--- START ---

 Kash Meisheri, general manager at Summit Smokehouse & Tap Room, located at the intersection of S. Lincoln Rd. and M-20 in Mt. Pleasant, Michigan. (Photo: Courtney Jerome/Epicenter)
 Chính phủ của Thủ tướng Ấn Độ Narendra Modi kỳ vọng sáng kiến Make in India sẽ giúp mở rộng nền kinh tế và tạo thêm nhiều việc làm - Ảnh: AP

--- END ---
--- START ---

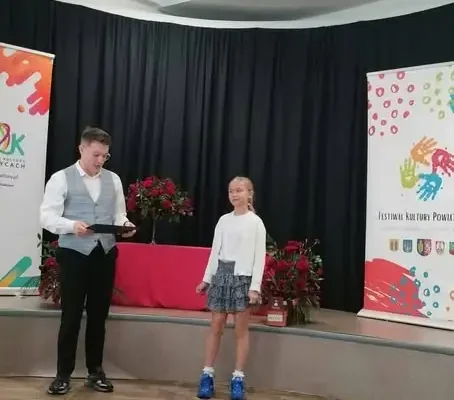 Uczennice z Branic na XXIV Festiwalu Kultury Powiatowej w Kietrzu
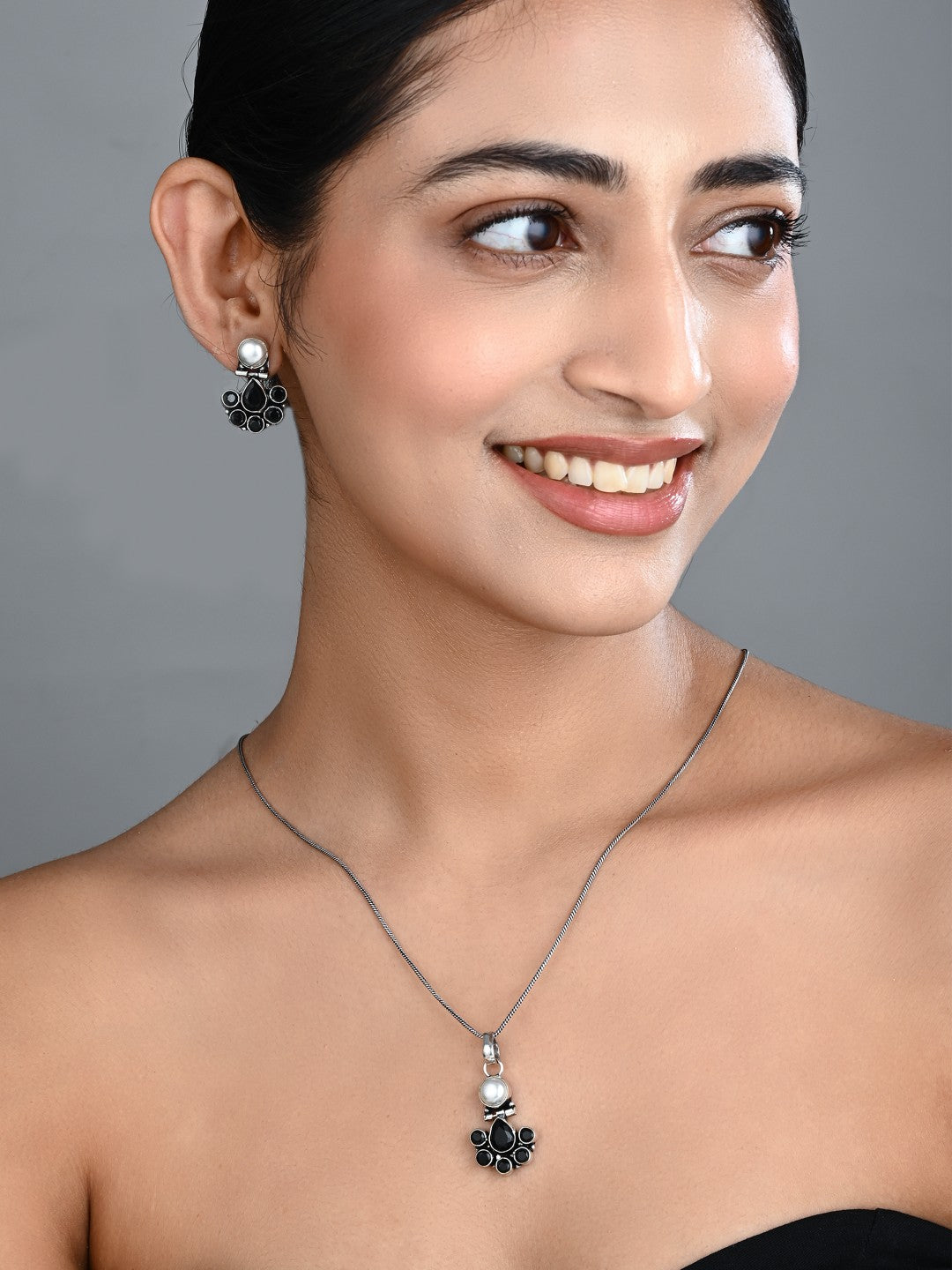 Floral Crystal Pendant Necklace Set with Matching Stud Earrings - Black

--- END ---
--- START ---

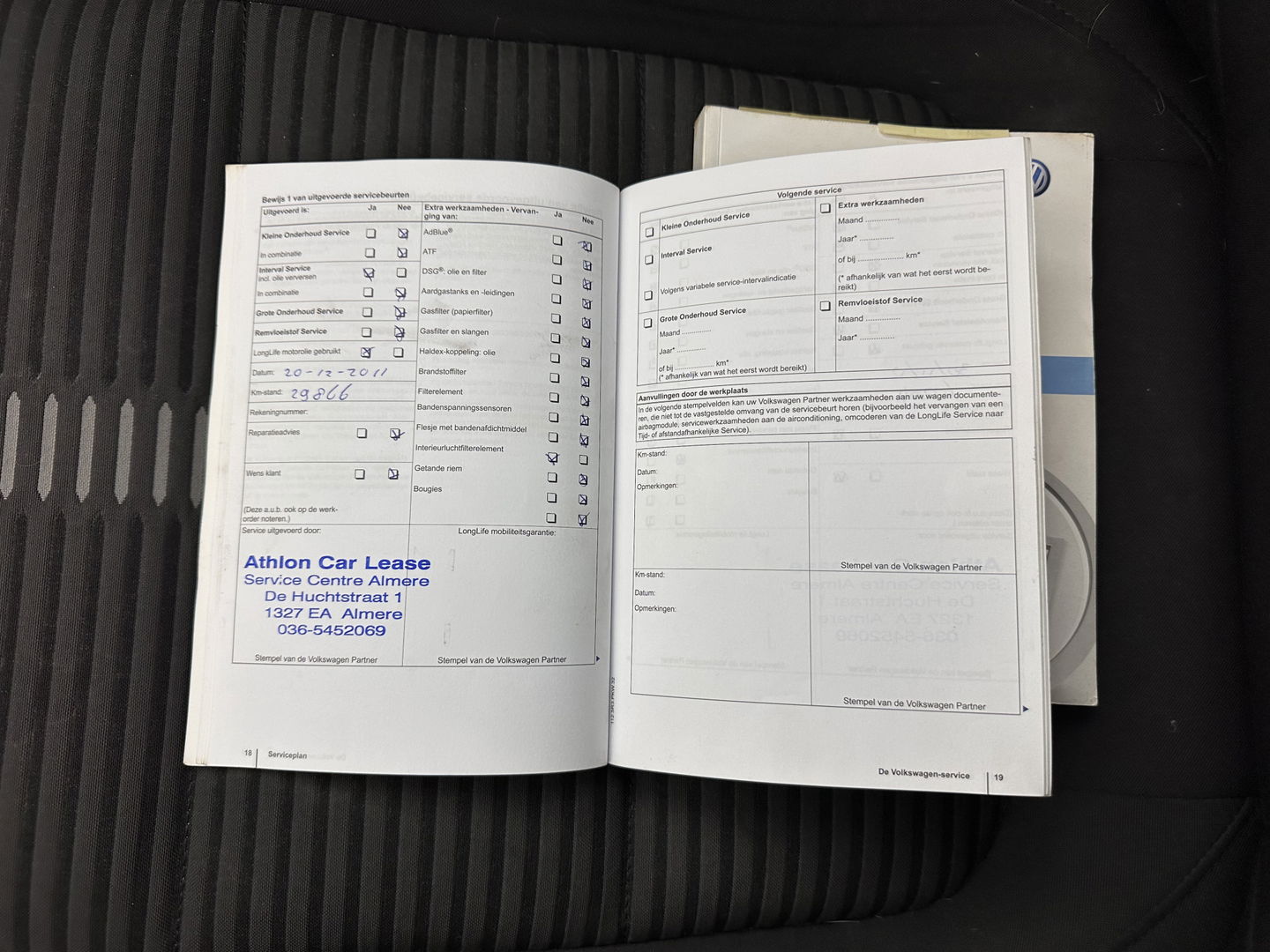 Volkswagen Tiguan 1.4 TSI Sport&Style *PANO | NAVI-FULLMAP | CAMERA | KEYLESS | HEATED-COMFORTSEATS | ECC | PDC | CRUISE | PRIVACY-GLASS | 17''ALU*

--- END ---

Brief:
The required answer is the exact run of lines above starting at the line with "Kash Meisheri, general" and ending at the line with "Chính phủ của", with both ends present.

Response to the exercise:
 Kash Meisheri, general manager at Summit Smokehouse & Tap Room, located at the intersection of S. Lincoln Rd. and M-20 in Mt. Pleasant, Michigan. (Photo: Courtney Jerome/Epicenter)
 Chính phủ của Thủ tướng Ấn Độ Narendra Modi kỳ vọng sáng kiến Make in India sẽ giúp mở rộng nền kinh tế và tạo thêm nhiều việc làm - Ảnh: AP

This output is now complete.